Among the entries that follow, locate the line with "Ford Fusion Titanium AWD 2017" and the line with "Leven House Bed". Output those lines and all lines in between, exactly, minus the pictures.

Extracted material:
§ §

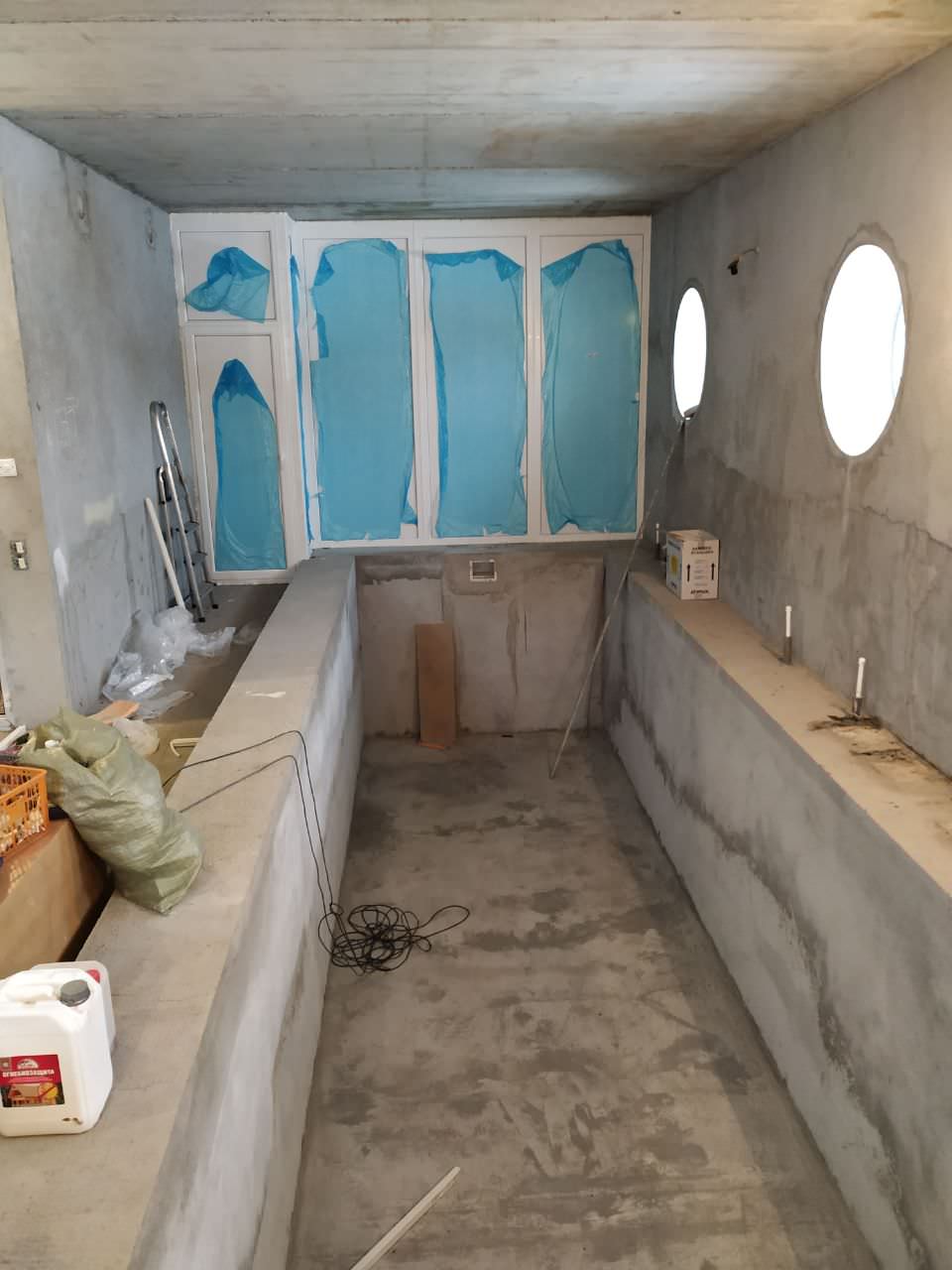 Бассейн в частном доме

§ §

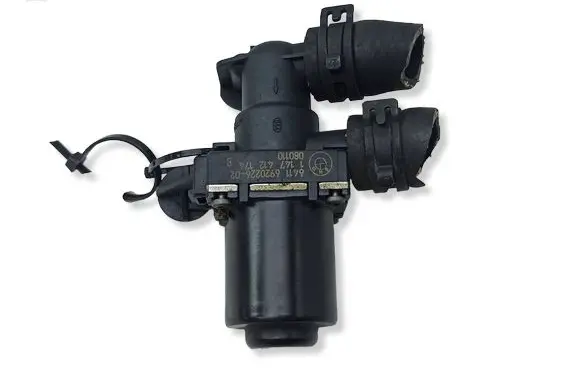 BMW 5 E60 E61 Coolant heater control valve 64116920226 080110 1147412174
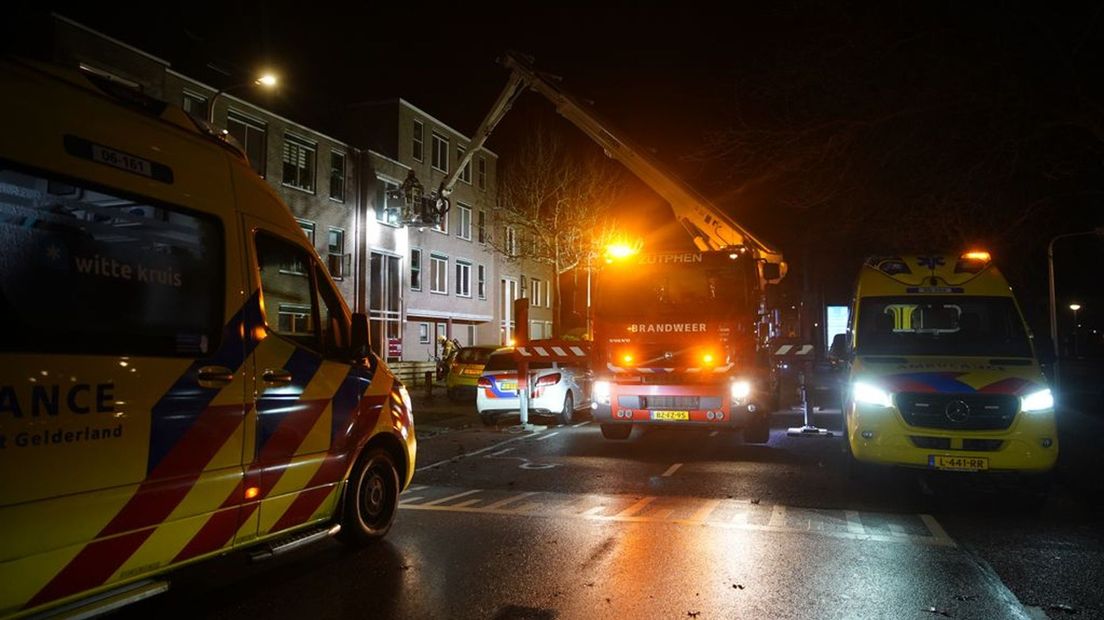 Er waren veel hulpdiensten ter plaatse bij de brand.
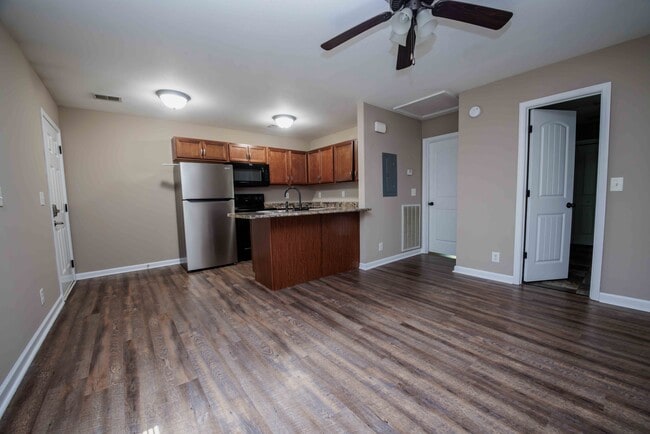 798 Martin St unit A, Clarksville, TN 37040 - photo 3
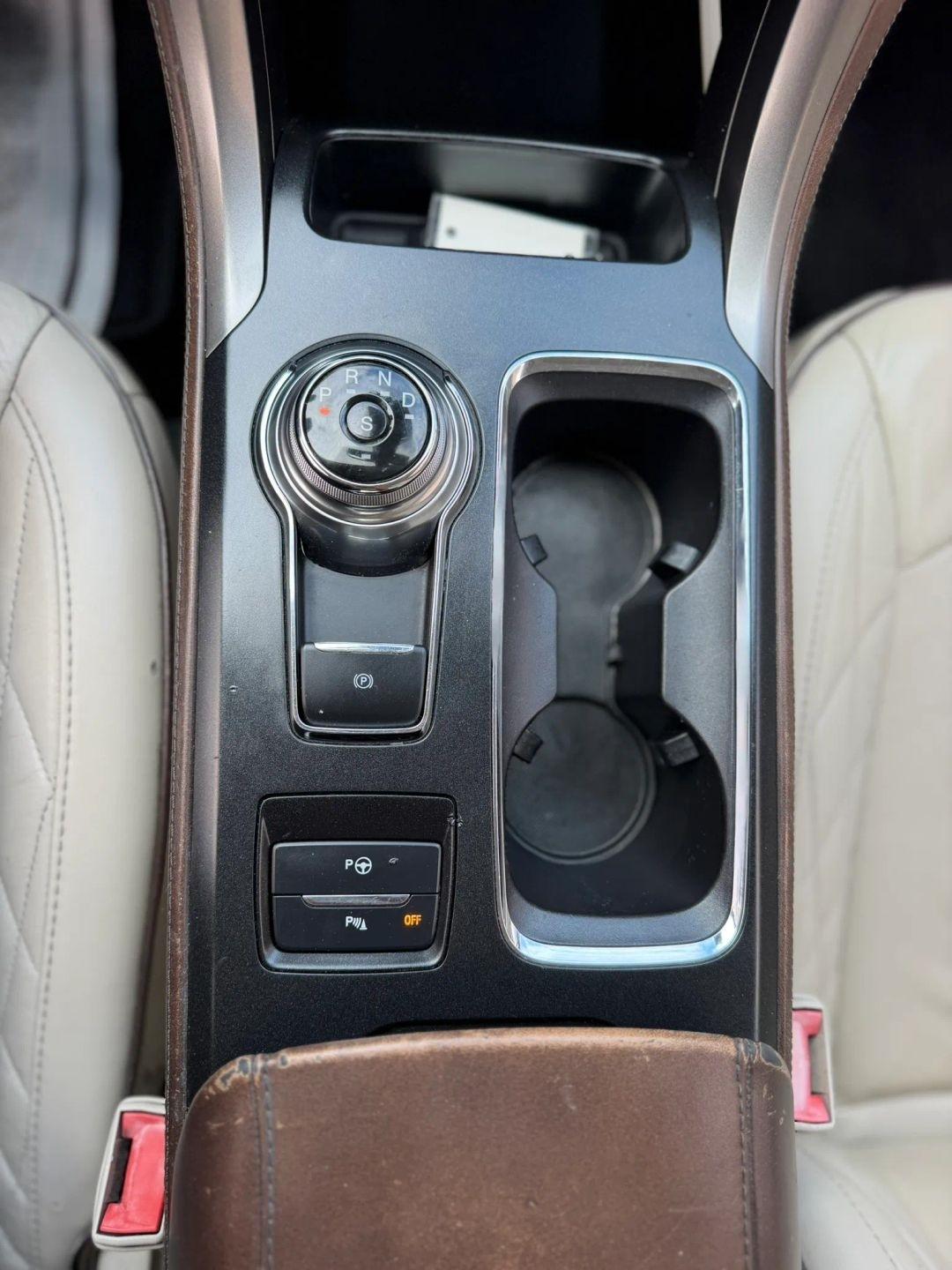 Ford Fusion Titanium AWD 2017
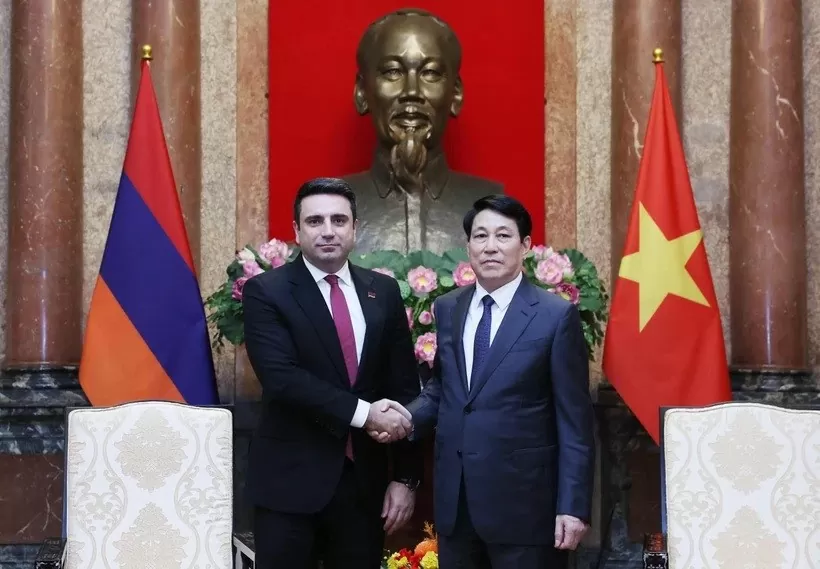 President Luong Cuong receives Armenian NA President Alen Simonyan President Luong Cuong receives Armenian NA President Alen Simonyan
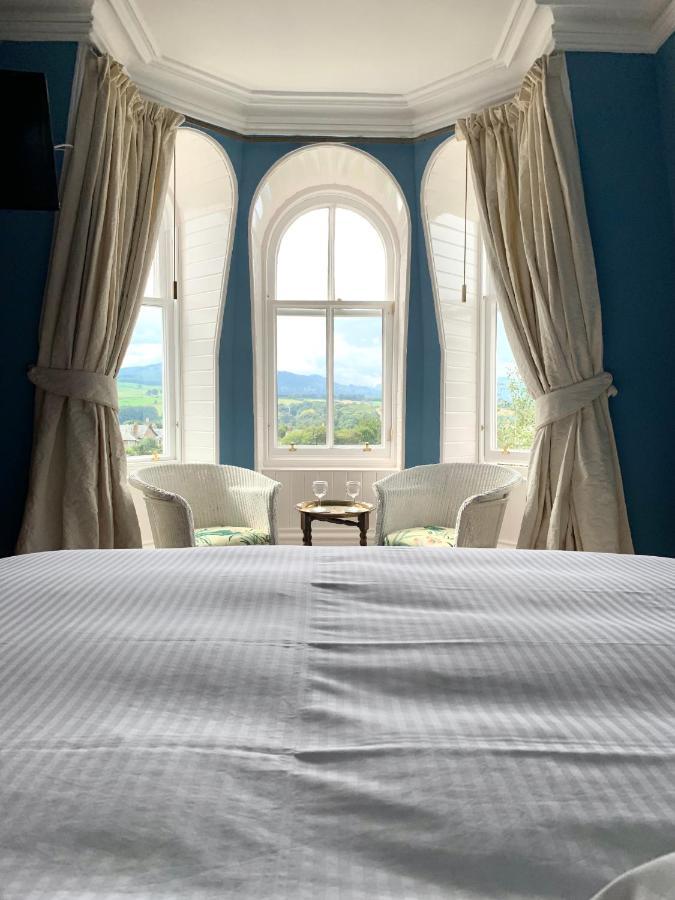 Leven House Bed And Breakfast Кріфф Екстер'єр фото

§ §

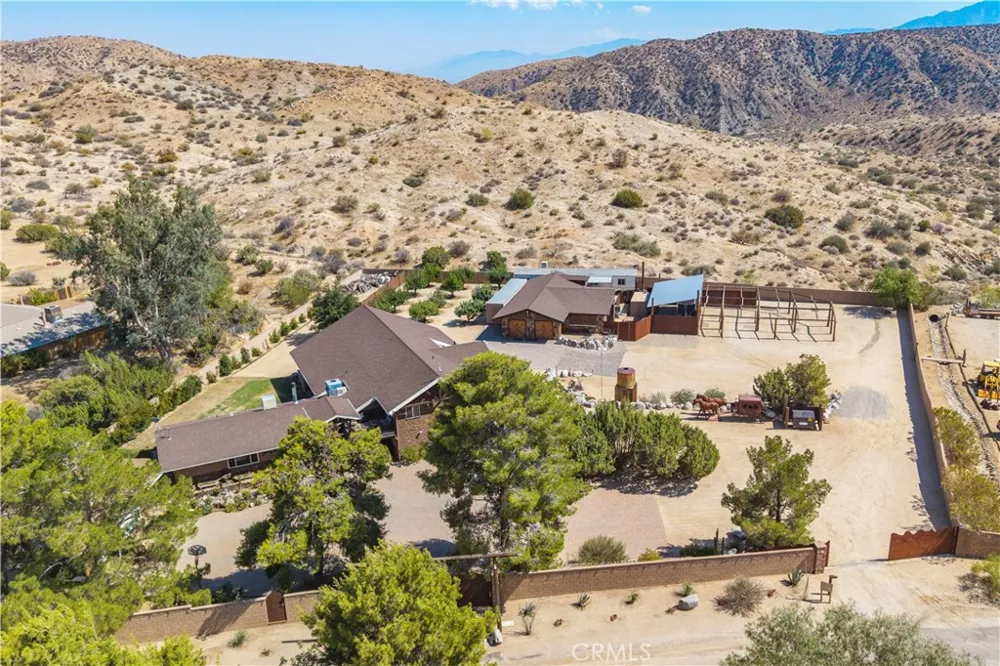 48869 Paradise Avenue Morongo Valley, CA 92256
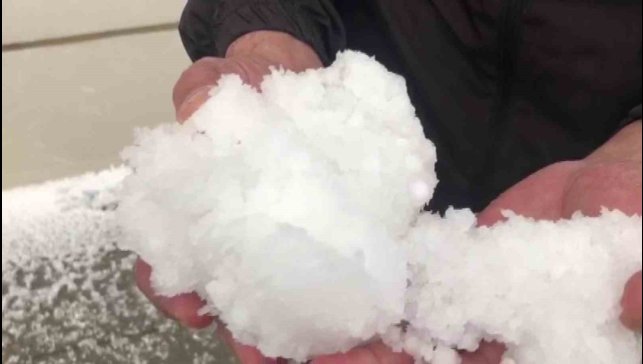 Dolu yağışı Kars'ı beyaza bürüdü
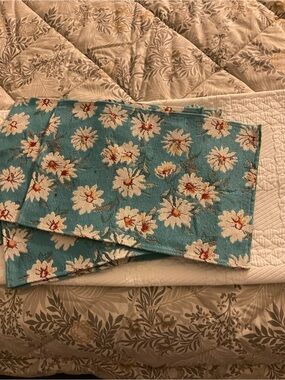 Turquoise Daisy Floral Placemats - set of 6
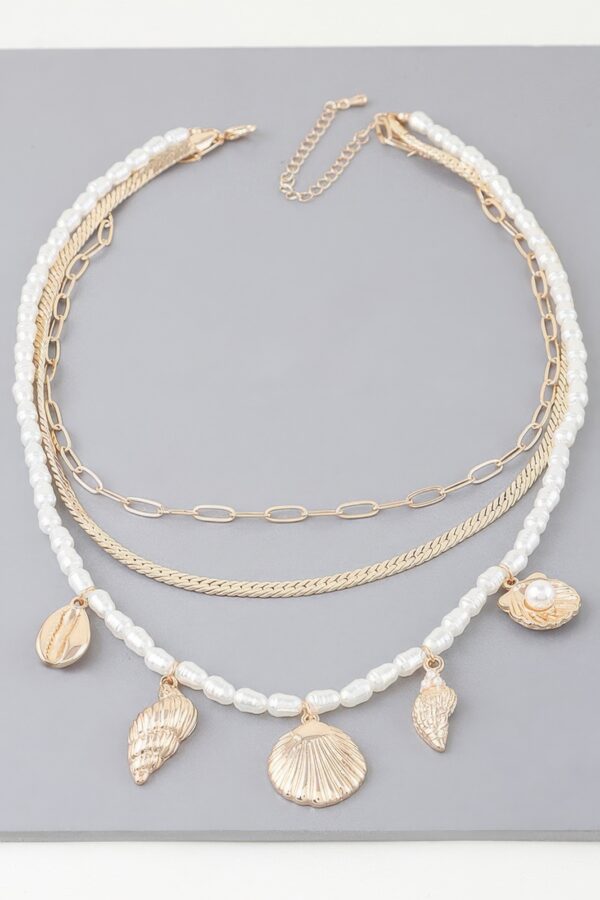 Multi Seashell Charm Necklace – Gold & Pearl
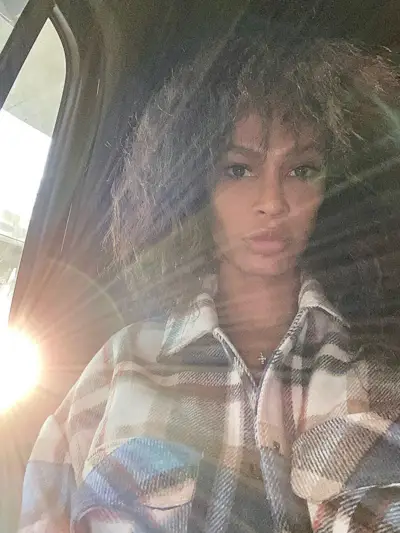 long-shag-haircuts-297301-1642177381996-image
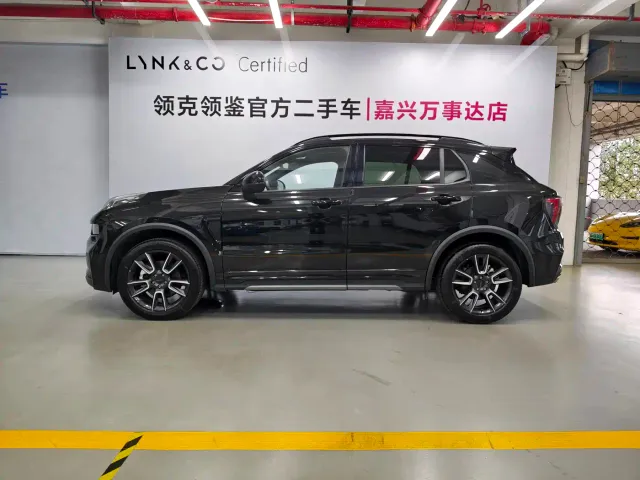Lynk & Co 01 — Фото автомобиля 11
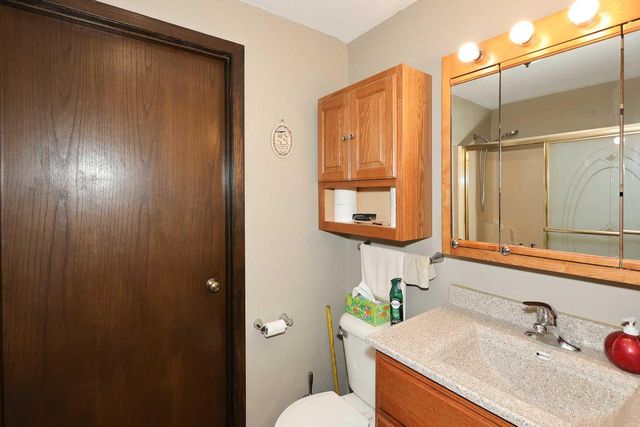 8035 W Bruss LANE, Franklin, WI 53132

§ §

Completed task:
 Ford Fusion Titanium AWD 2017
 President Luong Cuong receives Armenian NA President Alen Simonyan President Luong Cuong receives Armenian NA President Alen Simonyan
 Leven House Bed And Breakfast Кріфф Екстер'єр фото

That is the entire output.